### DATA
------------------------------------
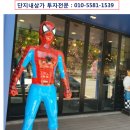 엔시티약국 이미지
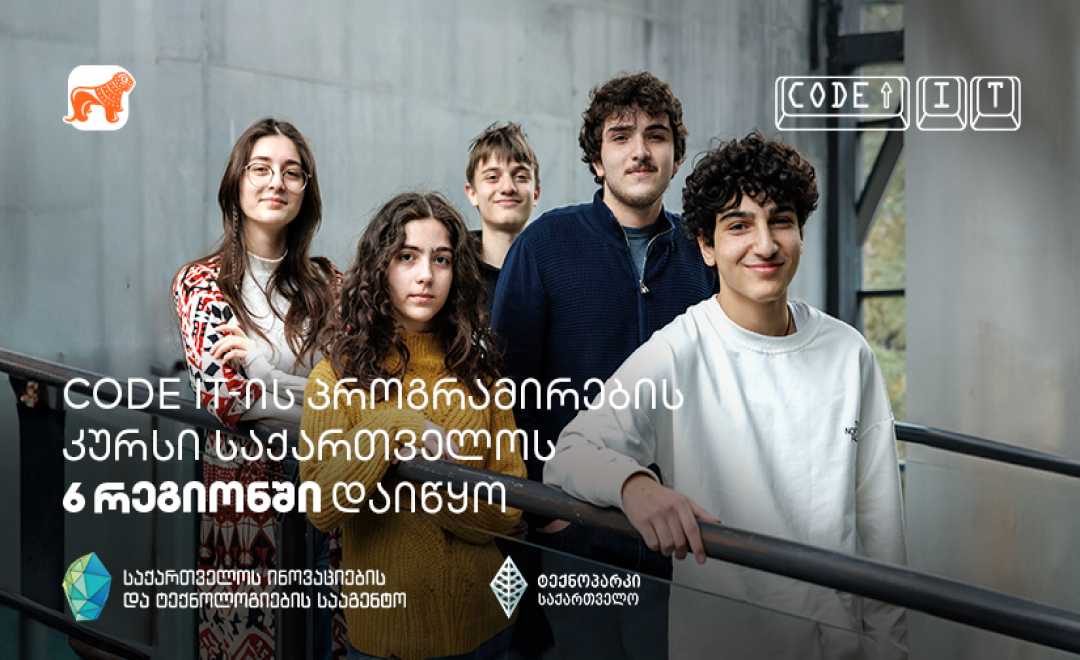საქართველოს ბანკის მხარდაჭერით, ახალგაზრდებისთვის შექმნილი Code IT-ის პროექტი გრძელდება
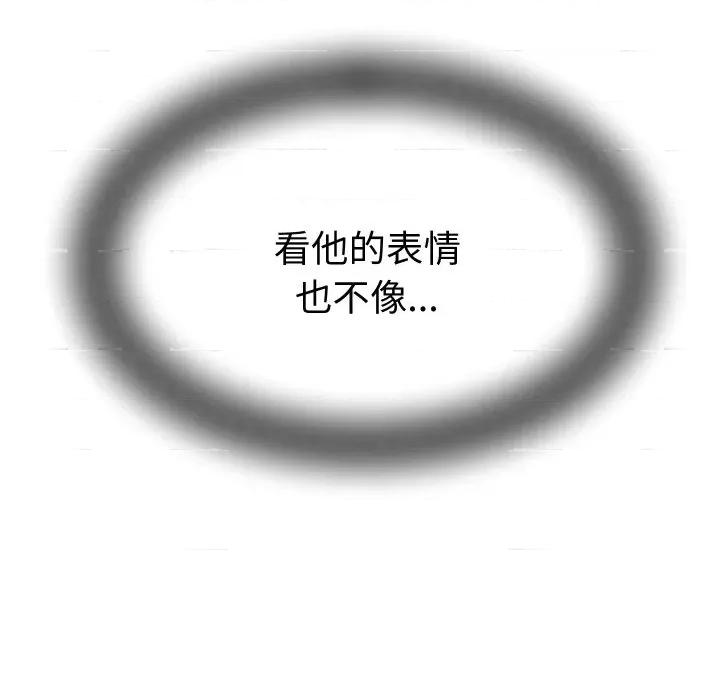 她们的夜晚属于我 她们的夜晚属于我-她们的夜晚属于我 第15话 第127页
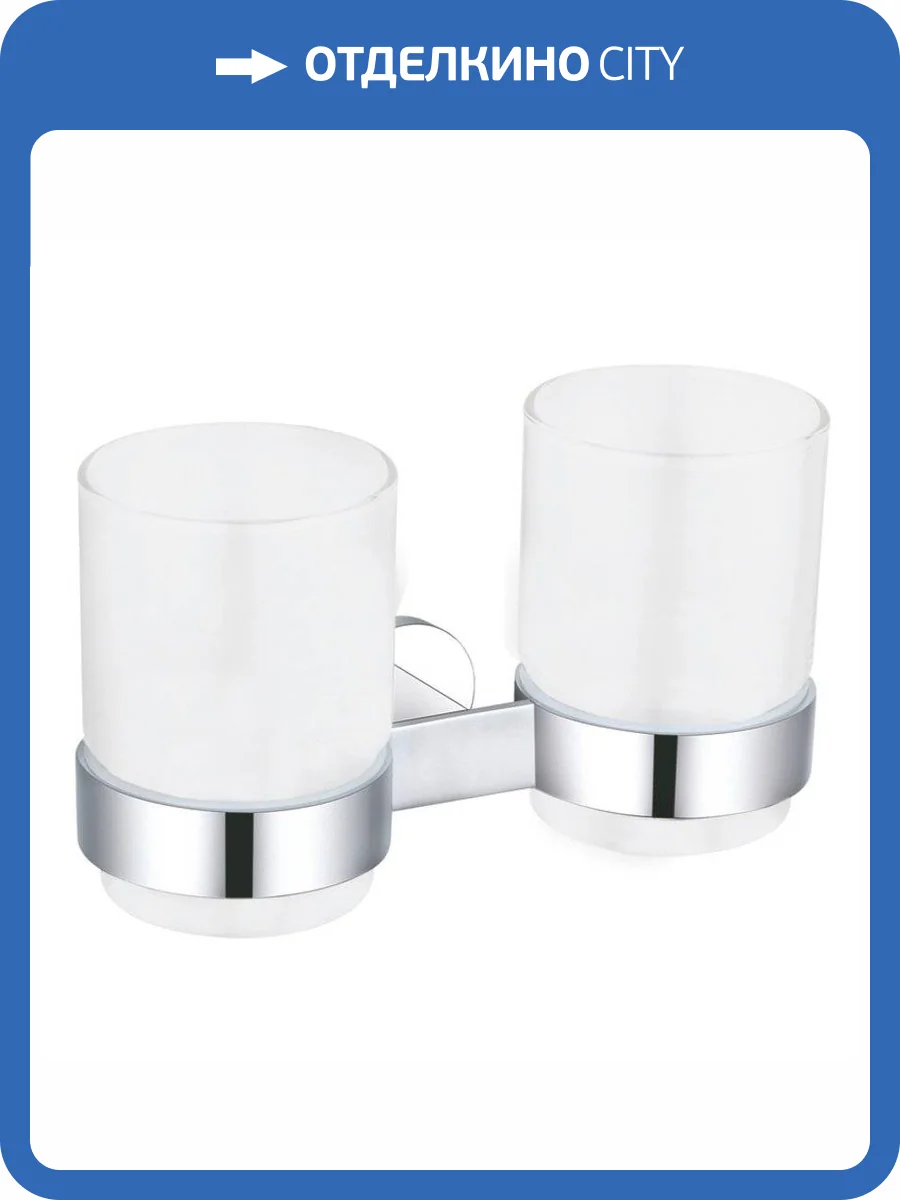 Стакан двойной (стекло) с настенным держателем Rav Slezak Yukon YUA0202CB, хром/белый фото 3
------------------------------------
### DIRECTIONS
Nothing but the lines from the line containing "საქართველოს ბანკის მხარდაჭერით, ახალგაზრდებისთვის" through the end of the data, both ends included, is to be reproduced, exactly as written and without the pictures.

### SOLVED EXERCISE
საქართველოს ბანკის მხარდაჭერით, ახალგაზრდებისთვის შექმნილი Code IT-ის პროექტი გრძელდება
 她们的夜晚属于我 她们的夜晚属于我-她们的夜晚属于我 第15话 第127页
 Стакан двойной (стекло) с настенным держателем Rav Slezak Yukon YUA0202CB, хром/белый фото 3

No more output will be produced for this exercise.